Derting is brilliant in constructing believable and sympathetic characters-in both this novel and her Body Finder series. Charlie, a teenage girl living in a futuristic dystopian setting, is  compelling even without her supernatural gift of comprehending all forms of languages (something that is forbidden in the class-system setting of The Pledge) She has compassion, strength, and is even daring in a world where the normality is blending in. If for no other reason I fell in love with Charlie because she sneaks a piece of candy to her four-year old sister. In this one elegant paragraph we get to see Charlie has an endearing side that makes us route for her. 

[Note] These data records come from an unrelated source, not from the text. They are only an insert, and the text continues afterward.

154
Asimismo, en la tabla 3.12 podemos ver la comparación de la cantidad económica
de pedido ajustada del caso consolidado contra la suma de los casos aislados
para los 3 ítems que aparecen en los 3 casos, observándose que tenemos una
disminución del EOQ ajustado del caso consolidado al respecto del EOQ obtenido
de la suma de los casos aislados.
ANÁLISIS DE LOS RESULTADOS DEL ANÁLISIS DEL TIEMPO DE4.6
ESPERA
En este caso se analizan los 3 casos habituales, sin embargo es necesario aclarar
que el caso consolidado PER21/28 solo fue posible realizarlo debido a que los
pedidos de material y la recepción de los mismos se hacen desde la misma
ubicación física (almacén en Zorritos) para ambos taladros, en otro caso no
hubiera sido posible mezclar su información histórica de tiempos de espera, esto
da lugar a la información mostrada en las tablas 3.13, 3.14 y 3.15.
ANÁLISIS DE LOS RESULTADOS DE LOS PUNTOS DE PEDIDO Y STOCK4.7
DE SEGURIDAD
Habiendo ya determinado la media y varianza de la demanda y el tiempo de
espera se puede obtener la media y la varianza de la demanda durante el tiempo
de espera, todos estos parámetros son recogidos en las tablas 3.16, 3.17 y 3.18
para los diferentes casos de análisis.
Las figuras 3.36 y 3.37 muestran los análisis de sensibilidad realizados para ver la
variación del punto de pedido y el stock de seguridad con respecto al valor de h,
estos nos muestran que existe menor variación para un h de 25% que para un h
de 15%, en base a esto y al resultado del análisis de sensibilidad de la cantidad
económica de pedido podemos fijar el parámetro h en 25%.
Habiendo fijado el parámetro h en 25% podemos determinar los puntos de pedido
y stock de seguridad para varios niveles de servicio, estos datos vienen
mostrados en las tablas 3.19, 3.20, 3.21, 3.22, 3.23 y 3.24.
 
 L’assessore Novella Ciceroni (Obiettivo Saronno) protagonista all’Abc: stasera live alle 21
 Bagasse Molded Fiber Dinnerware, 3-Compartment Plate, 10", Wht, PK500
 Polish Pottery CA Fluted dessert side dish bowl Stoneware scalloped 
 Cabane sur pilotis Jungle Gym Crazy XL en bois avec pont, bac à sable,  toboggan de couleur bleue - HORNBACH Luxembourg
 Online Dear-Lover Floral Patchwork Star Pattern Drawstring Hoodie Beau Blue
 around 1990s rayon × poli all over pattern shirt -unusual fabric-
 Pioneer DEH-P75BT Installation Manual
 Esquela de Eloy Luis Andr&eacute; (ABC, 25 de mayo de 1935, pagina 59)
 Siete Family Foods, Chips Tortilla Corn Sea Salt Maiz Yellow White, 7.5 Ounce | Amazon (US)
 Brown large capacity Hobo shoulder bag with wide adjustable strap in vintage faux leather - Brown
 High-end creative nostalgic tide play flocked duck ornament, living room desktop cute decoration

I was thrilled that Derting didn’t make the love interest of Charlie-aka Max-a jerk. So many young adult novels are saturated with male leads being jerks and the female leads continue to fall in love with them. I understand that the trick is to convey the males as unsettled by being forced to feel something for a girl, but come on! Derting didn’t do it in the Body Finder series or this novel and I love her for it. It’s refreshing to see an instant connection between Charlie and Max, even if it is shrouded in mystery. They are obviously from different classes and this presents a forbidden nature to the feelings the characters are having and this in turn makes the reader route for them more. Max is a confident male lead who knows what he wants and goes after it, regardless of laws, social norms, or the class he was born into. And Charlie can’t help but be drawn to his effortless charm, quick-witted remarks, and his genuine interest in her life. 

To avoid major spoilers I’ll conclude by saying Derting has produced a romantic dystopian young adult novel filled with exciting tension, action scenes, and characters you love to be around. The only complaint I have is that there wasn’t near enough kissing scenes between Max and Charlie (of course that is just my opinion lol) 

Thursday, November 17, 2011

"Writing Great Books for Young Adults" By Regina Brooks

I've just completed this instructional book on how to craft the next best-selling Young Adult novel. It was a wonderful read full of valuable information. It sets itself apart from other books on writing because while Brooks explains the basics, she adds in snippets from her experience as a successful agent. Nothing is clearer than hearing the words straight from an agents mouth or reading them from the pages of a book they've penned. These are the people who I'm trying to get into contact with-in attempting to be a YA author-and reading advice, suggestions, and success and fail stories sheds light on the experience. Whether you're about to start a YA novel, have one or even several completed, or are simply entertaining the idea of breaking into this market, I recommend this book. Brooks introduces concepts you might not have considered and they are easily applied to a ready manuscript. It never hurts to apply a fresh polish to it either.

I'm going to try and gear this blog toward reading and writing. I'm an avid reader of the genre I love to write in-Paranormal/Fantasy YA and read as many books as I can get my hands on. I'll post reviews and recommendations soon and I'm open to any you might have as well.